Additionally, we used the signature genes identified from the COPSAC cohort to track the two subspecies in the CHILD cohort. The relative abundances of the MAGinator clusters and the StrainPhlAn clusters were likewise examined (Suppl. Figure 4). When using the signature genes as a reference for the CHILD cohort MAGinator was still able to resolve the two subspecies into more well-defined clusters, yielding detailed profiling of the samples.

To estimate the fit of the signature genes for the two cohorts, we compared the read mappings and the presence of signature genes (Suppl. Figure 6A). The expected number of detected signature genes within a sample can be calculated from the number of reads that map to those genes using a negative binomial distribution¹⁷. We find that the COPSAC₂₀₁₀ cohort deviates with a mean squared error (MSE) of 103.95, whereas the CHILD cohort deviates with a MSE of 878.09, indicating that the signature genes are better suited for profiling the specific subspecies found in the COPSAC cohort. To examine the cause of this large deviation for CHILD we created a heatmap of the read mappings to the signature genes (Suppl. Figure 6B). In accordance with Suppl. Figure 6A the samples cluster into two groups, which could be due to subspecies differences. Additionally, the genes are seen to cluster into multiple groups, where a group is seen to be absent in a large proportion of the samples, indicating that these genes have not been adequately selected for this subspecies for this dataset. Thus, mapping reads from a new data set onto signature genes from a previous data set can be an advantage when sequencing depth in the latter is too limited for good assembly. Reusing signature genes is also advantageous for easy comparison of abundances between data sets. But optimal selection of adequately representative signature genes for a new data set requires running MAGinator de novo, if sequencing depth is adequate. Ideally, one might pool multiple data sets prior to running MAGinator in order to find signature genes that are equally representative for both data sets, making both abundance estimations and taxonomic entities directly comparable.

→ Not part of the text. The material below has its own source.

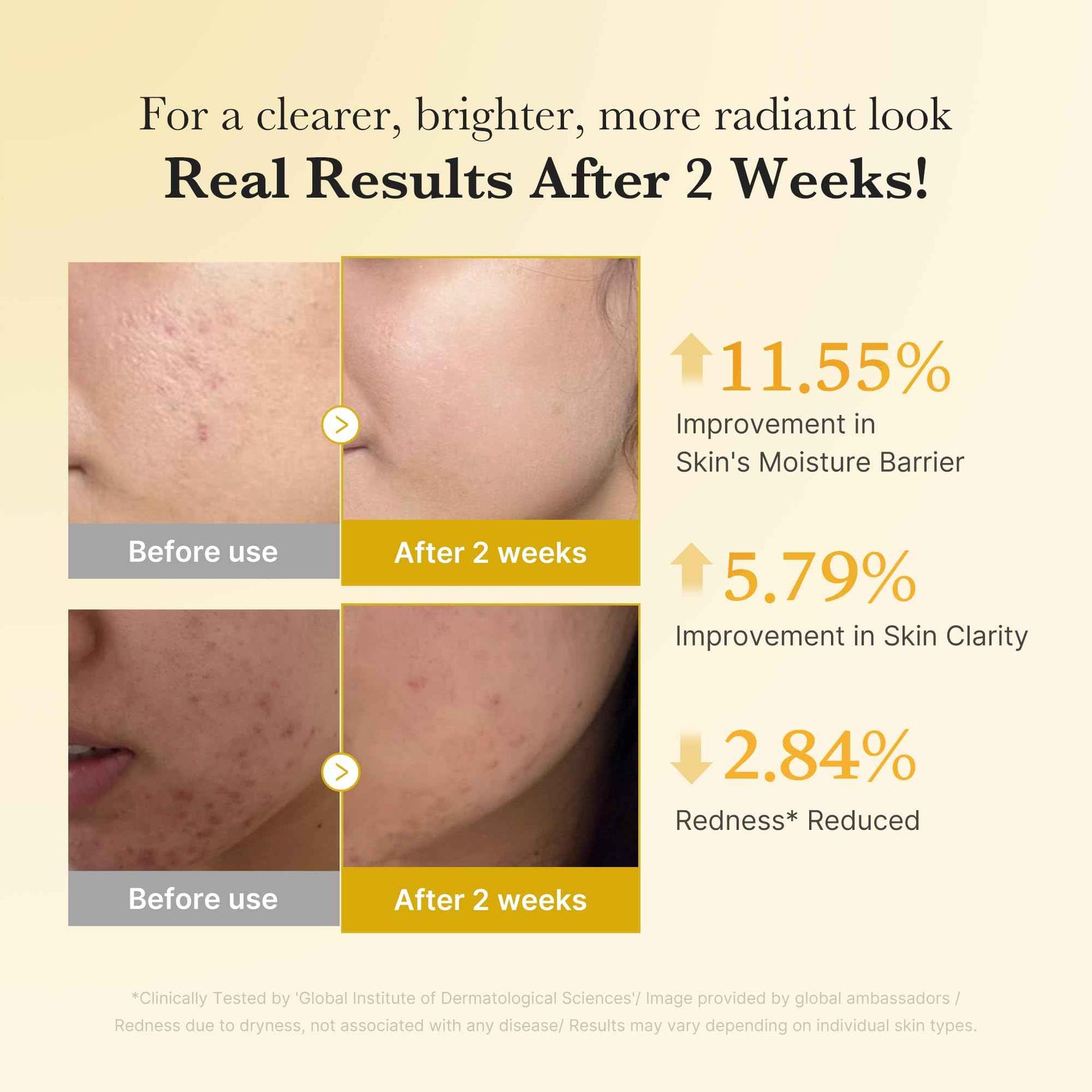 medicube Kojic Acid Overnight Care & Nourish Duo for Troubled Skin: Kojic Acid Turmeric Overnight Wrapping Peel Off Mask and Kojic Acid Turmeric Clarifying & Balancing Capsule Serum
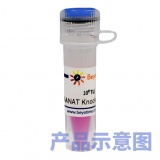 碧云天 ADRB2基因敲除慢病毒(L00107)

MAGinator enables de novo discovery of strains from MAG cluster phylogenies

In the above case, MAGinator’s ability to distinguish between subspecies depended on the binner to cluster the subspecies into two separate MAG clusters. This possibility may not be the case for other bacterial taxa and will vary between datasets. As an alternative, MAGinator provides samplewise phylogenies for each MAG cluster, where strains within the MAG cluster can be distinguished between samples. The result is presented as a maximum-likelihood tree and is based on sample SNVs within the signature genes, where each leaf corresponds to a sample. Because the analysis is based on read-mappings rather than assembled contigs, reliable phylogenies can be constructed even for samples where the taxon was not abundant enough to yield a MAG. E.g. for the COPSAC₂₀₁₀ data set, the Faecalibacterium sp900758465 MAG cluster was found by VAMB¹⁸ in 85 samples, but phylogenies were constructed for additional 13 samples (Suppl. Figure 7).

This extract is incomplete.